The chairman of House of Representatives’ Committee on Sports, Godfrey Giaya, has shed light on why the National Assembly in the last dispensation could not pass the Nigeria Football Federation, NFF, bill into law.
According to him, the document presented to the National Assembly by the NFF was poorly drafted.
Giaya told P.M. Sports in Abuja that the NFF bill was actually discussed and passed through three readings at the House of Representatives, but encountered a problem in the Senate, which made it impossible for both Houses to reach a consensus on the passage of the bill before the end of last National Assembly.
“In the last National Assembly, there was an Executive Bill seeking to repeal an Act of 2004. The bill successfully passed through three readings in the House of Representatives and was supposed to pass for reading in the Senate but some loopholes were discovered in the bill. This prevented its passage before the end of the 6th National Assembly,” Gaiya said.

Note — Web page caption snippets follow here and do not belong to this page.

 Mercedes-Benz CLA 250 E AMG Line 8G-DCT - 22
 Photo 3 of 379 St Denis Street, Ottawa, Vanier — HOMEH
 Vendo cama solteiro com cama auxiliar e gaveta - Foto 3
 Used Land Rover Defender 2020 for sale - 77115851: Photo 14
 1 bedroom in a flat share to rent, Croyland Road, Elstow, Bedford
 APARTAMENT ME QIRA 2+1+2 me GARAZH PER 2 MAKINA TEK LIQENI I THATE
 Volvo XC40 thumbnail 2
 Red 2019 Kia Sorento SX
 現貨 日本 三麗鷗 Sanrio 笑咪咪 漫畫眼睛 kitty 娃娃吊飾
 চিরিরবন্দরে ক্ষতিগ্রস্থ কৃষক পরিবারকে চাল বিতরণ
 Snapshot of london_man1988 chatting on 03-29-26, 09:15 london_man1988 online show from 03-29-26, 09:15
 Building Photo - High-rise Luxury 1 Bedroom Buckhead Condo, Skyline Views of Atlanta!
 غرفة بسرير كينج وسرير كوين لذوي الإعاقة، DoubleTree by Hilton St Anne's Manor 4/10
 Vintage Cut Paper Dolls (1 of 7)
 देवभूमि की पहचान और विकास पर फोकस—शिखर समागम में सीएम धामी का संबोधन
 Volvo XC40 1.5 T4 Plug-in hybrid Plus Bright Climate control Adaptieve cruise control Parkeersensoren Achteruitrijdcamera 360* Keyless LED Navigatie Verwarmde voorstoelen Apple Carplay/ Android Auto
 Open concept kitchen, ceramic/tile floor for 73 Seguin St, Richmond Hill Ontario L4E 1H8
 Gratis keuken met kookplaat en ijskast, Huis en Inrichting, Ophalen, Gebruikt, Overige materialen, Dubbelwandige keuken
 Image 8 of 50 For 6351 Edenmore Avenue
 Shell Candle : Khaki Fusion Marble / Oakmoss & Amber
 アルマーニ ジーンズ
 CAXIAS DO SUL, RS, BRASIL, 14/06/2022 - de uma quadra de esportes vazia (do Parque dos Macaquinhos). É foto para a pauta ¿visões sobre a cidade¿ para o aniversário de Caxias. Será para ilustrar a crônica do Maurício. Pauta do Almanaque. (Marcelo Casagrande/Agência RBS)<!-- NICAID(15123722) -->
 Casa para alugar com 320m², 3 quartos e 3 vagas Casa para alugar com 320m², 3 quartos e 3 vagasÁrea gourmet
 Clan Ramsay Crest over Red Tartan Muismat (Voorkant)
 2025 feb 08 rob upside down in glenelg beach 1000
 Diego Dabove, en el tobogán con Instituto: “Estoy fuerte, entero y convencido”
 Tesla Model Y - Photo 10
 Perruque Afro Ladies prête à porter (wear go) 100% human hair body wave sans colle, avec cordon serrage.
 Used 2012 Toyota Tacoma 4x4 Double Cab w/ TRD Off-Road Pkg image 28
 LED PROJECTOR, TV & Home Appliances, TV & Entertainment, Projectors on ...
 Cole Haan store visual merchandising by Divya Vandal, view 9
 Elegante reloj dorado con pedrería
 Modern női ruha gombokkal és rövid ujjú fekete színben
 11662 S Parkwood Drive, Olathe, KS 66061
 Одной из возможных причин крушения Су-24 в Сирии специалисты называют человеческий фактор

He said that it was a blessing in disguise that the bill was not passed into law in the 6th National Assembly because after taking a critical look at the document NFF presented, it was discovered it was poorly drafted and there were a lot of discrepancies.
“After the end of the 6th National Assembly, we discovered a lot of lapses that I even said it was good that the bill was not passed. The bill was badly drafted,” he said.
Meanwhile, a former member of the House Committee on Sports, Dino Melaye has advised the leadership of the NFF not to appeal the court judgement instead it should pursue vigorously the lobbying of the National Assembly for quick passage of the NFF bill.
“The NFF has only one option in this case, which is to start intense lobbying at the National Assembly. During my time at the House of Representatives, the NFF did not really lobby the leadership of the House and the Senate for the bill to be passed into law. If the NFF decides to appeal the judgement in court, it won’t solve the problem at all,” Melaye said.
He further said that it is only the National Assembly that can give the NFF a lifeline to continue to operate in Nigeria by repealing the current Act and replaced it with a new law that will legalise the football body.
“There should be a high level of lobbying between the Glass House and the National Assembly right now if the NFF wants to come out of this mess. The current Act should be repealed by the National Assembly and indeed replaced by a new law to suit the operations of the NFF.”